Short web captions
----------
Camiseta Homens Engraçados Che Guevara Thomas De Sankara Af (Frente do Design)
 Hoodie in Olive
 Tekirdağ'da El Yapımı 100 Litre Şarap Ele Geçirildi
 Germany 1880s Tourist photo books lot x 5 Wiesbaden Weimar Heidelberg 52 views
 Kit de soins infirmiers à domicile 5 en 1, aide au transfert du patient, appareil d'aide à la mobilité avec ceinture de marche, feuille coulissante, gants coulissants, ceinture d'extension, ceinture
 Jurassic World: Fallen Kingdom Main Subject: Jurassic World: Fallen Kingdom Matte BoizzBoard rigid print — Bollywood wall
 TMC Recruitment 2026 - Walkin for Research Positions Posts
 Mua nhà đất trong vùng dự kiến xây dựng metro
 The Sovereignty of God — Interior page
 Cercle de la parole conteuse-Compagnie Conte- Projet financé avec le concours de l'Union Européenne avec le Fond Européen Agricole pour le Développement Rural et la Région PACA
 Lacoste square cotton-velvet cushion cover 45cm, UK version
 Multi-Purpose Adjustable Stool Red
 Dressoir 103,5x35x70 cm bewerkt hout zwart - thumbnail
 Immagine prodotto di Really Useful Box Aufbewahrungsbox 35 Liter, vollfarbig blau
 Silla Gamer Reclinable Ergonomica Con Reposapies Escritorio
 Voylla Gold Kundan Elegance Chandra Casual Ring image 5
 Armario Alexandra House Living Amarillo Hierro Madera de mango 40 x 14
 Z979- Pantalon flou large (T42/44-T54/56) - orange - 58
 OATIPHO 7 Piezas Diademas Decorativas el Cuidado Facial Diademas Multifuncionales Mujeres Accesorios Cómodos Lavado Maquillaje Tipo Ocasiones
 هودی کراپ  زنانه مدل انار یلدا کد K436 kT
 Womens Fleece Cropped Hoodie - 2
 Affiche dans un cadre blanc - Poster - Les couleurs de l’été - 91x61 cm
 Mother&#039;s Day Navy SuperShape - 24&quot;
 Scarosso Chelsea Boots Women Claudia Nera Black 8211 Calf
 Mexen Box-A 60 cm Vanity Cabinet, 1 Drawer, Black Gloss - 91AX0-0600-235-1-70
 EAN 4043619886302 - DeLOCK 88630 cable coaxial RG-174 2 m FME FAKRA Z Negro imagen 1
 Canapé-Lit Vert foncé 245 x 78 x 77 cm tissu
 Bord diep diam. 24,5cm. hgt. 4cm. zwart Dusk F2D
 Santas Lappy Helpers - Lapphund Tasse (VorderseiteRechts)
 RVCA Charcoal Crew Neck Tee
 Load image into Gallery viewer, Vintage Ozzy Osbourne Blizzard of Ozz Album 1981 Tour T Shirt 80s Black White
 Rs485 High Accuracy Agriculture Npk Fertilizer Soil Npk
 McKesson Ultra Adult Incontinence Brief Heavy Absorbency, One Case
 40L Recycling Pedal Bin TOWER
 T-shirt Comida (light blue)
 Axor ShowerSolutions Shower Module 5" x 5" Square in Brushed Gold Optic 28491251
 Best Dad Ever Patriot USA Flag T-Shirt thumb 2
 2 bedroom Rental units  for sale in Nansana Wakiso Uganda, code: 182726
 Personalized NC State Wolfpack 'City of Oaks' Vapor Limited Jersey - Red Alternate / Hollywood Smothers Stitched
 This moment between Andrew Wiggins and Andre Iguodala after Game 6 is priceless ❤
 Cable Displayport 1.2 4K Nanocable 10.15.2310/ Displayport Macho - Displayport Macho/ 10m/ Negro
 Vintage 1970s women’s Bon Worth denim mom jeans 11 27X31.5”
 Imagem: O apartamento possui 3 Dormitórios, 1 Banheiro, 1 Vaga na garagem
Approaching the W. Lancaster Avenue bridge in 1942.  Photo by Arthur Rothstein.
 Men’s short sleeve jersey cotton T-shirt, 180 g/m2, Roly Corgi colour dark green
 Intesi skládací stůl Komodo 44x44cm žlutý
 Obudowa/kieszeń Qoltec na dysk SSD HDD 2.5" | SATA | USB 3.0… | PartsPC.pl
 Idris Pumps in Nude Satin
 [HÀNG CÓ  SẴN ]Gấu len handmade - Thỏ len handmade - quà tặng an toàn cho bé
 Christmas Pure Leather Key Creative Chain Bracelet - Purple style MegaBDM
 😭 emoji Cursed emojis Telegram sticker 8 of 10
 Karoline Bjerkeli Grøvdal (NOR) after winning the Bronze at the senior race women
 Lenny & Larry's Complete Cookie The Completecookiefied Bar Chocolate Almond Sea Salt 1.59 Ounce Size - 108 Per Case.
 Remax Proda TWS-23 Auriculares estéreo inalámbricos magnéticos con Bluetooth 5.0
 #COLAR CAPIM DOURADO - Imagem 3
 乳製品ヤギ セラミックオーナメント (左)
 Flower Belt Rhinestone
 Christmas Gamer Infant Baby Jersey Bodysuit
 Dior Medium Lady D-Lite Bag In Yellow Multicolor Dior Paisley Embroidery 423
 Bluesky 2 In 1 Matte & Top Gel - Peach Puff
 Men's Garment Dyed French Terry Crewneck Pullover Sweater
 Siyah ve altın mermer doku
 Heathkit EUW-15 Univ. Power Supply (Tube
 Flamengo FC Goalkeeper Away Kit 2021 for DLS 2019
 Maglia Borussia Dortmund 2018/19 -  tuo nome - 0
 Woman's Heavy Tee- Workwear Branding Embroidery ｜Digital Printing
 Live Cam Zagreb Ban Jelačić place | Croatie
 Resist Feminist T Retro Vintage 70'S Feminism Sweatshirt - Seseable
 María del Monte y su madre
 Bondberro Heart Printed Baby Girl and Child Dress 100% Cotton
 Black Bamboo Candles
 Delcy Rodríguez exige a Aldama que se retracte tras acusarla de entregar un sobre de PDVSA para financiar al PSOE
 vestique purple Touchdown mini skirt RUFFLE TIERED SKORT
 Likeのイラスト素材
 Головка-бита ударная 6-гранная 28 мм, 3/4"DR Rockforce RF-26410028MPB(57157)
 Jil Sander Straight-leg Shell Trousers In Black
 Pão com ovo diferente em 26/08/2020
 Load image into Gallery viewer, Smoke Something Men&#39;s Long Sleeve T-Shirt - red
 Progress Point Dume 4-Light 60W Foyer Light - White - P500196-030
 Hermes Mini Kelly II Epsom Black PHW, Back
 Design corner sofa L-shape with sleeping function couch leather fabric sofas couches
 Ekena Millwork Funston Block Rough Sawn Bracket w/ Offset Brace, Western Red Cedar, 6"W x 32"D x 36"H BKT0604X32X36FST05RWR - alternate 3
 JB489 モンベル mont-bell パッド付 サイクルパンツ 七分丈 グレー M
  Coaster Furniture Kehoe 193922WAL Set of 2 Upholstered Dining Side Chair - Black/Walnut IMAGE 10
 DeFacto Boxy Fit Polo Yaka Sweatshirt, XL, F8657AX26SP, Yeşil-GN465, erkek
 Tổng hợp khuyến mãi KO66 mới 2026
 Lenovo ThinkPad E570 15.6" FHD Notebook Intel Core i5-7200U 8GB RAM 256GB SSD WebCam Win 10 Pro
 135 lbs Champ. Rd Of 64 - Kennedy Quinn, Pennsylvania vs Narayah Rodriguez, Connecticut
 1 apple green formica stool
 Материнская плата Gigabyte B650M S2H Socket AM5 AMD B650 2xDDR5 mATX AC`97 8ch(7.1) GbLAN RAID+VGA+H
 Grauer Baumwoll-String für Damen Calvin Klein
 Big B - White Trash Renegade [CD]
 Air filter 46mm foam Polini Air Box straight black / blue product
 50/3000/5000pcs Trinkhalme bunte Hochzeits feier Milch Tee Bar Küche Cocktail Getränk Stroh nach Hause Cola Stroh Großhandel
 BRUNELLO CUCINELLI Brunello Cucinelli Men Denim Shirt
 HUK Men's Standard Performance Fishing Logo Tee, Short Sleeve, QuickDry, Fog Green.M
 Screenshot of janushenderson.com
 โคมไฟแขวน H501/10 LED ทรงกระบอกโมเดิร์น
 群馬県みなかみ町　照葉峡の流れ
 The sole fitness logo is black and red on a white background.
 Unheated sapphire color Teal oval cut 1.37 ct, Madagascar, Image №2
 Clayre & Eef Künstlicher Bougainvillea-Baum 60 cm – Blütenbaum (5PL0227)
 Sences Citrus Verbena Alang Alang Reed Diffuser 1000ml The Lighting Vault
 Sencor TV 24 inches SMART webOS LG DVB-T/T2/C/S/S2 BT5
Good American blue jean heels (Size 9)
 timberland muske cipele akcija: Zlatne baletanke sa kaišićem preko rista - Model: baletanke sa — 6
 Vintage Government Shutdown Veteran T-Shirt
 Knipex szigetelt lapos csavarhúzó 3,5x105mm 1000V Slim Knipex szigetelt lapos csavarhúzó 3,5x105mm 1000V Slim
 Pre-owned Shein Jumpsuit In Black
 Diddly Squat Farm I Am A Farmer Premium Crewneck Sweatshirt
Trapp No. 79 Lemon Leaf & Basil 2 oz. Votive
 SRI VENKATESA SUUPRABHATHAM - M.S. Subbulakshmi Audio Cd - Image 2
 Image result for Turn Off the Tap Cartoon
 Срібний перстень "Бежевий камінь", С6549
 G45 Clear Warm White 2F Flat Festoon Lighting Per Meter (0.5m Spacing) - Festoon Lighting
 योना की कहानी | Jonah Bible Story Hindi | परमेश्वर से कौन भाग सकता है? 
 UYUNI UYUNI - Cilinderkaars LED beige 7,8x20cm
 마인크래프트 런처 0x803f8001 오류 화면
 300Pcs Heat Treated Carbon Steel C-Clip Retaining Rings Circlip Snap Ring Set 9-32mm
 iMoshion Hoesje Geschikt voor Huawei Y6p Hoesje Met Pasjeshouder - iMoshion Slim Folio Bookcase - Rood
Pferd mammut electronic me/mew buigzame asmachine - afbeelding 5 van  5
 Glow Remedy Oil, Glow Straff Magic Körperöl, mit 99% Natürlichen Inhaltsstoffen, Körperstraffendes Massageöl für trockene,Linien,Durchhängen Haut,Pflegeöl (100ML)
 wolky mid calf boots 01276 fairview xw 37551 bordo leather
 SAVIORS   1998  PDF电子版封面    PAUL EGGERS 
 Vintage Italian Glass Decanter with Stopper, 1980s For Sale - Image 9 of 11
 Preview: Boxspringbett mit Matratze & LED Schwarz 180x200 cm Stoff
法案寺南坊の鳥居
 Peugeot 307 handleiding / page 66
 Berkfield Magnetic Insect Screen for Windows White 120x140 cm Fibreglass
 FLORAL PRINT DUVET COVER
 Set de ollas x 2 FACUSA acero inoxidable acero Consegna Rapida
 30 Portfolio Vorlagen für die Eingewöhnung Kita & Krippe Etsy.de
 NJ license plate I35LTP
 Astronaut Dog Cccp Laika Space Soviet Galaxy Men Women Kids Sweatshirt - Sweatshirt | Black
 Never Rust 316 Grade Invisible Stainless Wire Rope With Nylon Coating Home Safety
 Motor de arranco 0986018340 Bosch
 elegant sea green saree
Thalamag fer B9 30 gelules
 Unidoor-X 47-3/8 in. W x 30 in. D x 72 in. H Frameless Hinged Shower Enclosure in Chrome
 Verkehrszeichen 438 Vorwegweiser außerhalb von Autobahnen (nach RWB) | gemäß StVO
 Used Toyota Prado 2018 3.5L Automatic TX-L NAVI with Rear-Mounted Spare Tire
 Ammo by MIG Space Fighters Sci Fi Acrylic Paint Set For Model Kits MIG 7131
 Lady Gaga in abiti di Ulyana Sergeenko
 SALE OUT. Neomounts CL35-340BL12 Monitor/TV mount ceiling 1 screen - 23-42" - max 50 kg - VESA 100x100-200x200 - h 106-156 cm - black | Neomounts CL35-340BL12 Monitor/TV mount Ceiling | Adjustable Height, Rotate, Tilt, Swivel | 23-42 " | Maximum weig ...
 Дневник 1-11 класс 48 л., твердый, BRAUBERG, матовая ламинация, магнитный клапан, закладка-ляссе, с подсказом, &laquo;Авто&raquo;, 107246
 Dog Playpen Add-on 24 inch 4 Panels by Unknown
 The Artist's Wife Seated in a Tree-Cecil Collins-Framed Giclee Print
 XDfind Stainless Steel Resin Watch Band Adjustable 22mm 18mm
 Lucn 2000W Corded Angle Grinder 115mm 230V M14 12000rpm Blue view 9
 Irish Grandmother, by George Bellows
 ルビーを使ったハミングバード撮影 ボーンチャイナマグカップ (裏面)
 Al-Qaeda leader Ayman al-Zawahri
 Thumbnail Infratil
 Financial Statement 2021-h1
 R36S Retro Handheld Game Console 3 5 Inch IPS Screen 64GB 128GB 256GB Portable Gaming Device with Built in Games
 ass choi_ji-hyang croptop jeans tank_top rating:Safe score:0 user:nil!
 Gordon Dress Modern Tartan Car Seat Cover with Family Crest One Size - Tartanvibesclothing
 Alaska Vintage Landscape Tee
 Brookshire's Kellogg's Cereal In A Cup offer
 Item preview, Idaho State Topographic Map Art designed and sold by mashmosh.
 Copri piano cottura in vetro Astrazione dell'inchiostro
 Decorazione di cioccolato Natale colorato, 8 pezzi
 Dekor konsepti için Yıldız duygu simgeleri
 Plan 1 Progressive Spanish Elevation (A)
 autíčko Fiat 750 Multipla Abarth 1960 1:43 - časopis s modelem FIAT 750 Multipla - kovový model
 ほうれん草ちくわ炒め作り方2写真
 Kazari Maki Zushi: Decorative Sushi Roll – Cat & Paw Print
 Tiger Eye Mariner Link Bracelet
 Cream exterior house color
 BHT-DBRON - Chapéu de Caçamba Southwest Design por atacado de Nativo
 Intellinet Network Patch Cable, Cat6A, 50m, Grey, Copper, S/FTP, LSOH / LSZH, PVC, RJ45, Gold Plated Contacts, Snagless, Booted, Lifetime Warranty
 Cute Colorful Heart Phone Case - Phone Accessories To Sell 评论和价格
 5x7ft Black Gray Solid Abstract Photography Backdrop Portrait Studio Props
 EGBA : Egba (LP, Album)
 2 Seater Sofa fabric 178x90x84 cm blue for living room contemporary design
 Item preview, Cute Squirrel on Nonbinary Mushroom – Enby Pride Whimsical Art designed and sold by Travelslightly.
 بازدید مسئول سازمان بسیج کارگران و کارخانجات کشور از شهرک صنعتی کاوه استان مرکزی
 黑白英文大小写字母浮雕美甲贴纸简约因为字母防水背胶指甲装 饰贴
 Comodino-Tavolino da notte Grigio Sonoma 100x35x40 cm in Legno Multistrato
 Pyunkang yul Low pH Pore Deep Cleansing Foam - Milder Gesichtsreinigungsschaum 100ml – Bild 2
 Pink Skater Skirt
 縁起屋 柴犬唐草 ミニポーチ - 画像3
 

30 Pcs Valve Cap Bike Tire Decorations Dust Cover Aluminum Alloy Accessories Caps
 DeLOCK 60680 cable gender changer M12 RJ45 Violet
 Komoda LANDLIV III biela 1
----------
Required work
In the data above, start at the line that has "The Artist's Wife", stop after the line that has "R36S Retro Handheld", and print every line in between exactly as it stands.

Written answer
 The Artist's Wife Seated in a Tree-Cecil Collins-Framed Giclee Print
 XDfind Stainless Steel Resin Watch Band Adjustable 22mm 18mm
 Lucn 2000W Corded Angle Grinder 115mm 230V M14 12000rpm Blue view 9
 Irish Grandmother, by George Bellows
 ルビーを使ったハミングバード撮影 ボーンチャイナマグカップ (裏面)
 Al-Qaeda leader Ayman al-Zawahri
 Thumbnail Infratil
 Financial Statement 2021-h1
 R36S Retro Handheld Game Console 3 5 Inch IPS Screen 64GB 128GB 256GB Portable Gaming Device with Built in Games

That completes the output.